---
title: LU-Factorization
subject:  Linear Algebraic Systems
subtitle: Peeling the Onion
short_title: Peeling the LU onion
authors:
  - name: Nikolai Matni
    affiliations:
      - Dept. of Electrical and Systems Engineering
      - University of Pennsylvania
    email: nmatni@seas.upenn.edu
license: CC-BY-4.0
keywords: Gaussian Elimination, LU factorization
math:
  '\vv': '\mathbf{#1}'
  '\bm': '\begin{bmatrix}'
  '\em': '\end{bmatrix}'
  '\R': '\mathbb{R}'
---

This section is based on ALA Ch 1.3, Ch 5.3 of Jessy Grizzles [ROB 101 notes](https://github.com/michiganrobotics/rob101/blob/main/Fall%202021/Textbook/ROB_101_December_2021_Grizzle.pdf).

## Learning Objectives

By the end of this page, you should know:- 
- what the $LU$ factorization of a matrix is
- how to apply $LU$ factorization to solve systems of linear equations
- how to represent row operations using elementary matrices
- LU factorization using elementary matrix actions
- how LU factorization relates to Gaussian Elimination (forward elimination and back substitution)

## LU (Lower-Upper) Factorization: Regular Case
In the previous section, we saw a correct and perfectly acceptable way of solving systems of linear equations with regular $A$ matrices.  It turns out that it is very closely related to an approach based on _factorizing_ the coefficient matrix $A$ into a product of a lower triangular matrix $L$ and and upper triangular matrix $U$ such that $A=LU$, which we'll develop in this section.

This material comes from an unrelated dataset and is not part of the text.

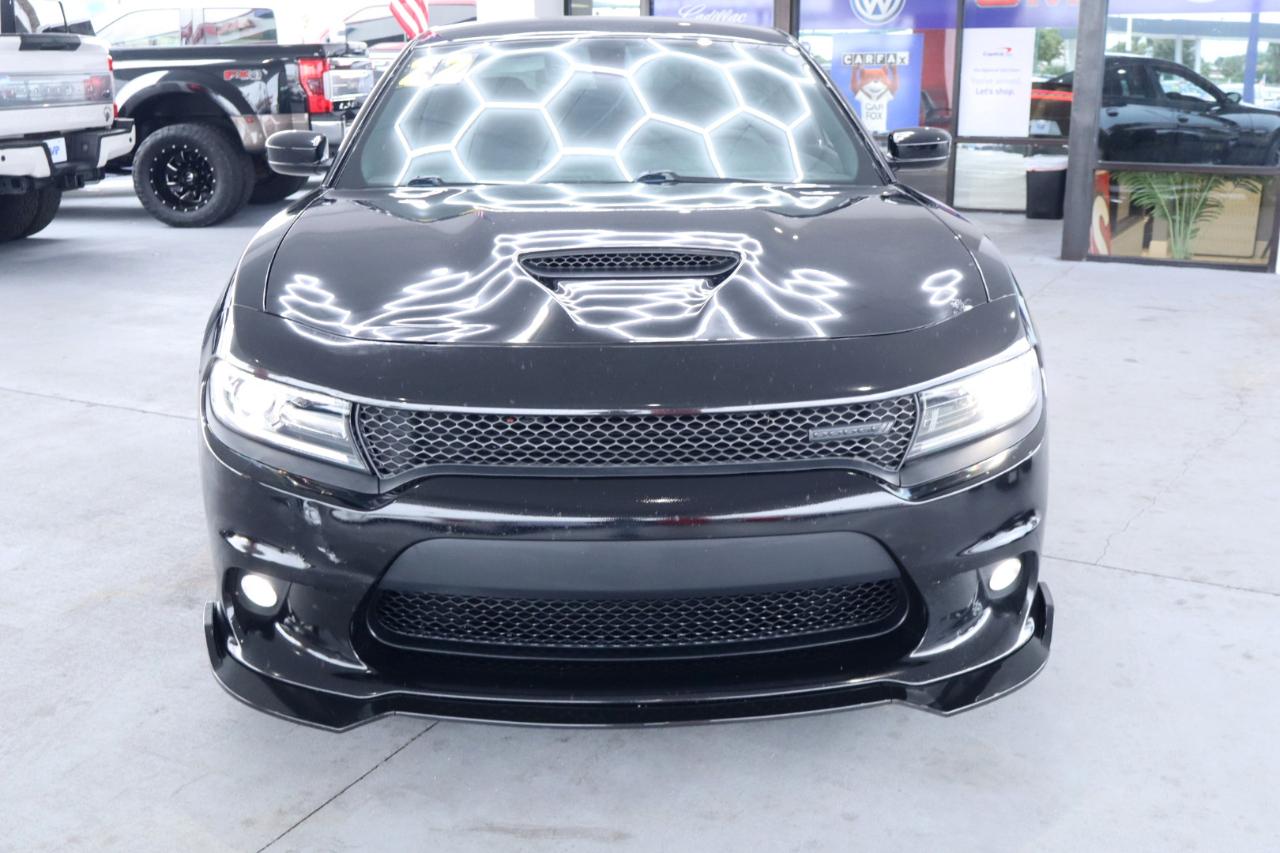 Dodge Charger GT RWD 2022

You'll see that the expressions end up being somewhat simpler to work with, and that the pseudocode is a bit "cleaner" (specifically, we won't have nested for loops).  This is also _much_ closer to the way solutions to linear systems are implemented in modern linear algebra computational packages.

We'll start with a worked example, and then define the general algorithm.  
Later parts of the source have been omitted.